**Action item**
Please give back, word for word, each line from the start of the entries through the one in which "If you need" is found.

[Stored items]

⟨

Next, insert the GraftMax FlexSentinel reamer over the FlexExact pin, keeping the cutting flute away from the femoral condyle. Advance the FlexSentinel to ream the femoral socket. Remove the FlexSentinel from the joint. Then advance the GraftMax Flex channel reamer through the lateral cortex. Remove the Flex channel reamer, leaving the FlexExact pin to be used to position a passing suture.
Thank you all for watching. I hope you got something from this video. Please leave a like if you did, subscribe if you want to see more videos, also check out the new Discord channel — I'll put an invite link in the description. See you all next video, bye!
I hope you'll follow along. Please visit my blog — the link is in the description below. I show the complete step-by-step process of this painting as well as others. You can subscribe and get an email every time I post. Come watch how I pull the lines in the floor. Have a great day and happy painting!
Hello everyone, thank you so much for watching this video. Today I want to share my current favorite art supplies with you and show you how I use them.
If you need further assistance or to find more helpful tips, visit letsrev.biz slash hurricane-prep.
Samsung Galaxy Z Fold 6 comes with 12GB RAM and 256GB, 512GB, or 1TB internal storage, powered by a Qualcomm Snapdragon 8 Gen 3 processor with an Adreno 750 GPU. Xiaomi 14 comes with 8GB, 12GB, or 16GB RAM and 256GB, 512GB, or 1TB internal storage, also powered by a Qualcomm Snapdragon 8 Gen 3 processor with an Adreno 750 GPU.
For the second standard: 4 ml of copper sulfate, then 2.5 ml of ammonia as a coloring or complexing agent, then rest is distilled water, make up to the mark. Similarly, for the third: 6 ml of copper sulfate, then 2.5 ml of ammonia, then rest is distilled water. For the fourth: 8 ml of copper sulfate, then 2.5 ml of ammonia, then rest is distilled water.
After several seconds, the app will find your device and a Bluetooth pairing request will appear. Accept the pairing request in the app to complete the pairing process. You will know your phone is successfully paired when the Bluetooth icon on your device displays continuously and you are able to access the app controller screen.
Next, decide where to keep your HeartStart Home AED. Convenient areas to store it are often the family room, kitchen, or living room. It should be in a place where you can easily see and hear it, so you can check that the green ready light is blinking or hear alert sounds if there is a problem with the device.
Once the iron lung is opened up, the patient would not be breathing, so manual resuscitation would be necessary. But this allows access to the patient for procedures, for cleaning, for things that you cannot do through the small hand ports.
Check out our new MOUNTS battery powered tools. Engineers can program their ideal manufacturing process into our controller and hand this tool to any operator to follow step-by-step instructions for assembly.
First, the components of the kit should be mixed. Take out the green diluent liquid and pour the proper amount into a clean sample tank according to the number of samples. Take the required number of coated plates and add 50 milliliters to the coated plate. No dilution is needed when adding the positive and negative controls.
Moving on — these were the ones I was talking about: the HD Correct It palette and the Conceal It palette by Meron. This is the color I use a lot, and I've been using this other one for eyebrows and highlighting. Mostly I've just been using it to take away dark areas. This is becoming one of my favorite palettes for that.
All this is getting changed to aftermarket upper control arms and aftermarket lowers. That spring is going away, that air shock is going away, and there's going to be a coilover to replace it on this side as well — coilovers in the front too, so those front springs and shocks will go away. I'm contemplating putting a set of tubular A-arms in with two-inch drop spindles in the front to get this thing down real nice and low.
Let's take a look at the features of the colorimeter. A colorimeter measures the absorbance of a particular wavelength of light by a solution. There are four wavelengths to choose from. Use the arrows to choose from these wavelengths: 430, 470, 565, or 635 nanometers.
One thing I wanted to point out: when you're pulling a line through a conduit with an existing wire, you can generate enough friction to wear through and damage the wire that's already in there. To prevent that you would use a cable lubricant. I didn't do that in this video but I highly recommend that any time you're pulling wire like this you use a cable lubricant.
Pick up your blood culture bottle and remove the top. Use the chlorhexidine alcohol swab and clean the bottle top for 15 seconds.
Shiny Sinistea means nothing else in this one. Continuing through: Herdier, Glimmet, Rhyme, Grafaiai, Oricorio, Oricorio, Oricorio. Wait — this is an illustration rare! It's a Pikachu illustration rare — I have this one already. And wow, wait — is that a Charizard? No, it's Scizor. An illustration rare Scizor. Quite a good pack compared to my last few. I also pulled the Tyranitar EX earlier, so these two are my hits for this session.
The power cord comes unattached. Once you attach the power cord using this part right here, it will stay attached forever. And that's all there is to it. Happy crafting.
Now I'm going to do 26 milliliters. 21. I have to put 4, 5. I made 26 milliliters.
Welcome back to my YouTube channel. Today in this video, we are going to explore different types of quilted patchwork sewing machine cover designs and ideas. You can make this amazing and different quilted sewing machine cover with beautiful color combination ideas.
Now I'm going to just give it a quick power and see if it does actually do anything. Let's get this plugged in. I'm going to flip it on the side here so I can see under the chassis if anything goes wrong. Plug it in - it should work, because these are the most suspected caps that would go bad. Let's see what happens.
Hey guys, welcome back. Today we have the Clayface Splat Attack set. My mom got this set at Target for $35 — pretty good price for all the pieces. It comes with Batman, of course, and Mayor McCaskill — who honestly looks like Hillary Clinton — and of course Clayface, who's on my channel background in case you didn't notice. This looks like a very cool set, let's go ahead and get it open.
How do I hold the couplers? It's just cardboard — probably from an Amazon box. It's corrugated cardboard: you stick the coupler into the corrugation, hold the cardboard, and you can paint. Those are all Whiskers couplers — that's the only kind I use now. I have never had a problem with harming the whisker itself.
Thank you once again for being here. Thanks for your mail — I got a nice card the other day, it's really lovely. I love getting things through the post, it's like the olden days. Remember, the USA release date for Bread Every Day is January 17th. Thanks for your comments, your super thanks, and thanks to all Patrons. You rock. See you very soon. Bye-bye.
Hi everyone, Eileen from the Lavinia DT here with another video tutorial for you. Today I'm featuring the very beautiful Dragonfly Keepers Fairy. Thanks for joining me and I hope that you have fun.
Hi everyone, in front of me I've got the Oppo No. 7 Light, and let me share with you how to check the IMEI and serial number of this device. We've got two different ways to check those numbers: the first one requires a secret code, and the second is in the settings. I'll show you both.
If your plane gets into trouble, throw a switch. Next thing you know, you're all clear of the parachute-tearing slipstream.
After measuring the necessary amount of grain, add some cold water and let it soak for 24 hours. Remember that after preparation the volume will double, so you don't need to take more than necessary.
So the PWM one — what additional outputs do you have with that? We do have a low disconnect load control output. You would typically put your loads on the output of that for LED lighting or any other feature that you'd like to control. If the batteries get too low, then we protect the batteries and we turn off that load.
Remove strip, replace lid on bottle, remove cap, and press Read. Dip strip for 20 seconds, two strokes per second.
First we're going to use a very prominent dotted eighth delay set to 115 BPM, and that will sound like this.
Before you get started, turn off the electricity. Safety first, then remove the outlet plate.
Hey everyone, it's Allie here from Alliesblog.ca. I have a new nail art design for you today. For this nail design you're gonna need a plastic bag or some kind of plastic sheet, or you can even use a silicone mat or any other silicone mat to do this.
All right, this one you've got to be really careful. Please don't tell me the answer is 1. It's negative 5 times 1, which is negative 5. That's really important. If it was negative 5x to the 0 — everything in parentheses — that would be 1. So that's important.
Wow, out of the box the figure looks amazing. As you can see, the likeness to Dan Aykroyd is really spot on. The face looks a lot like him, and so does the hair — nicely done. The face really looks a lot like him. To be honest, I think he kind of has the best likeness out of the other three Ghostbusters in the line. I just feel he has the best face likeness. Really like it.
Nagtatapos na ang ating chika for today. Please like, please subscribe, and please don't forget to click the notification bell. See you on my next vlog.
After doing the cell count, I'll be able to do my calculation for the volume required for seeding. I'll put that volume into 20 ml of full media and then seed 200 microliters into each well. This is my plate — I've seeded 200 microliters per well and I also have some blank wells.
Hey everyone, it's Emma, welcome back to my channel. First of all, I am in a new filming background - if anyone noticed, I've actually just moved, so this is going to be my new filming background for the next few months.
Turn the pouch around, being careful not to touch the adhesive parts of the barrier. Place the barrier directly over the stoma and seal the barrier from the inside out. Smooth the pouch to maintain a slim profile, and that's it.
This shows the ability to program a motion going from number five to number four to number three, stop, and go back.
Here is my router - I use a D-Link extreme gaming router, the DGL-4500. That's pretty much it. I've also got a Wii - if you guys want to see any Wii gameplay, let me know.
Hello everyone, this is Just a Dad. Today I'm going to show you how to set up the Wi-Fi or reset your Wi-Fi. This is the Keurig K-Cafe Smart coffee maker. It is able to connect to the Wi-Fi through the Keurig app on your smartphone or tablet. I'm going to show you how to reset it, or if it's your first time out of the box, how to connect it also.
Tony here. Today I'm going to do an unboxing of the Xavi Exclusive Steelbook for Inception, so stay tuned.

⟩

**Exercise solution**
Next, insert the GraftMax FlexSentinel reamer over the FlexExact pin, keeping the cutting flute away from the femoral condyle. Advance the FlexSentinel to ream the femoral socket. Remove the FlexSentinel from the joint. Then advance the GraftMax Flex channel reamer through the lateral cortex. Remove the Flex channel reamer, leaving the FlexExact pin to be used to position a passing suture.
Thank you all for watching. I hope you got something from this video. Please leave a like if you did, subscribe if you want to see more videos, also check out the new Discord channel — I'll put an invite link in the description. See you all next video, bye!
I hope you'll follow along. Please visit my blog — the link is in the description below. I show the complete step-by-step process of this painting as well as others. You can subscribe and get an email every time I post. Come watch how I pull the lines in the floor. Have a great day and happy painting!
Hello everyone, thank you so much for watching this video. Today I want to share my current favorite art supplies with you and show you how I use them.
If you need further assistance or to find more helpful tips, visit letsrev.biz slash hurricane-prep.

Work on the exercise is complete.